Mistake #5: Letting “Who Gets the Credit” Dictate Your Fundraising Approach

Imagine this scenario…

A Development Director asks for guidance on how he might generate additional revenue for his organization for the year without making any additional investments.

An experienced consultant (ok, or maybe me!) responds with, Do these four things:

  1. Promote Donor Advised Fund (DAF) giving, because we know that when a donor makes a gift through her DAF, it has the potential to be 2X – 5X the size of a gift she might have given through cash or check.
  2. Promote stock or other asset giving, because again, we know that when donors give from assets other than cash, they tend to give more. And organizations that regularly promote stock giving see greater growth in income annually than those who don’t.
  3. Promote employer matching gifts, because, why not!?! If an employer will match the $100 gift their employee just gave you, that’s free money!
  4. Distribute a list of your top 100 Annual Fund donors to your major gift staff and ask them to start making calls to see if you can engage some of these donors differently and lead them toward larger investments in your organization this year.

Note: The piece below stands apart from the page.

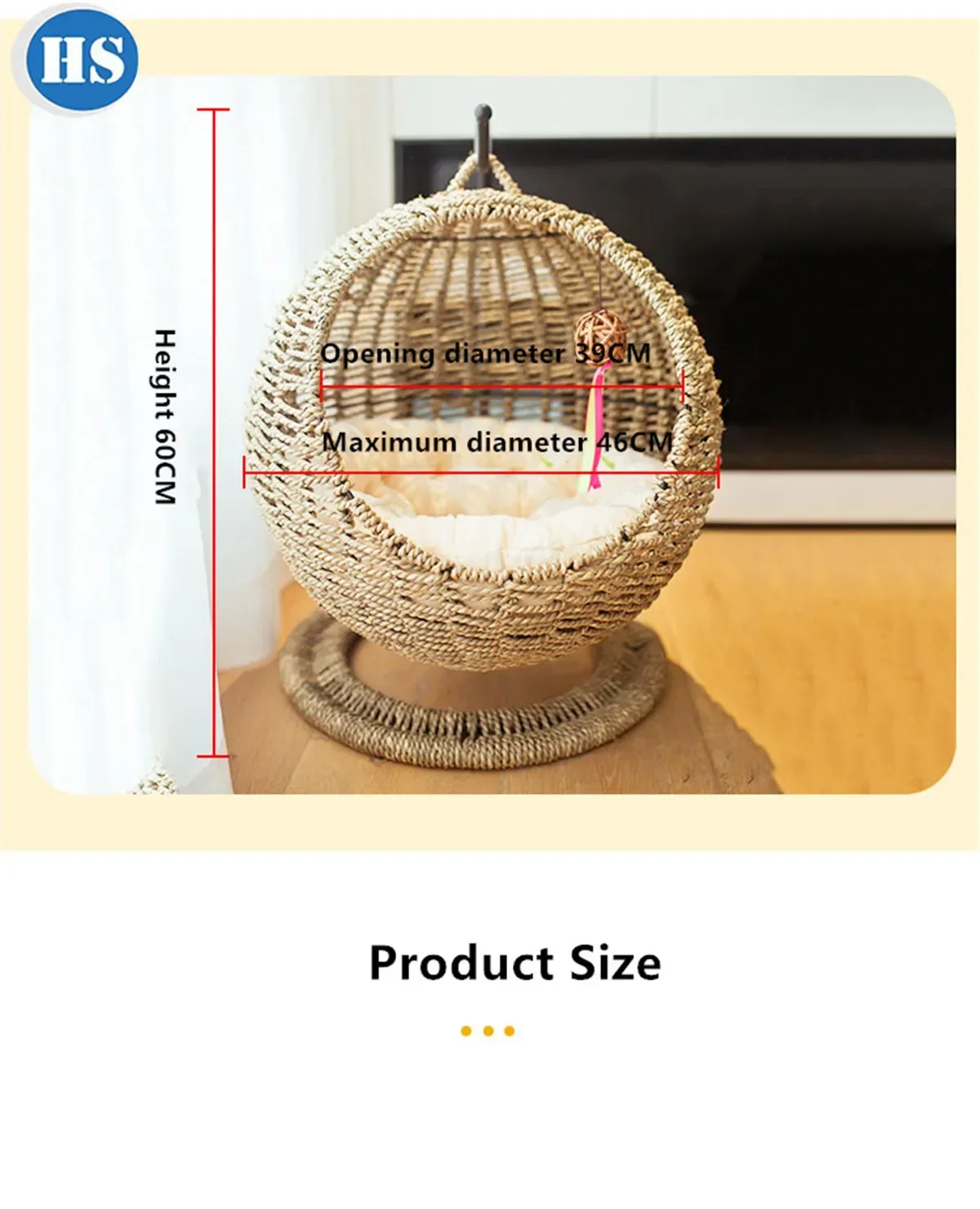 Handmade High Quality Climbing Frame Straw Hammock Cradle Pet Product Pet Bed Cat House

Now imagine this response (or maybe you don’t have to because you’ve already thought it because it happens in your organization too) …

Those are great ideas, but I can’t implement any of them because other teams get credit for those type of transactions. None of these will help me hit my goal, so I can’t afford to waste time on them.

This. Is. Pure. Insanity.

And it happens every day in thousands of nonprofit organizations.

Rules around who gets credit for what gifts an organization receives are important for ensuring that your staff are performing to expectations and that your fundraising investment dollars are being spent effectively. But you should never design a structure that is so rigid that it hurts your organizational bottom line.

If you want to raise the most money possible for your mission, you’ve got to align your incentives with the behaviors you want more of, and stop handcuffing your people with silly, unbendable rules around credit.

I hope you’ve enjoyed these 5 Big Mistakes Nonprofits Make, and that you’ve found value in our recommendations to avoid them.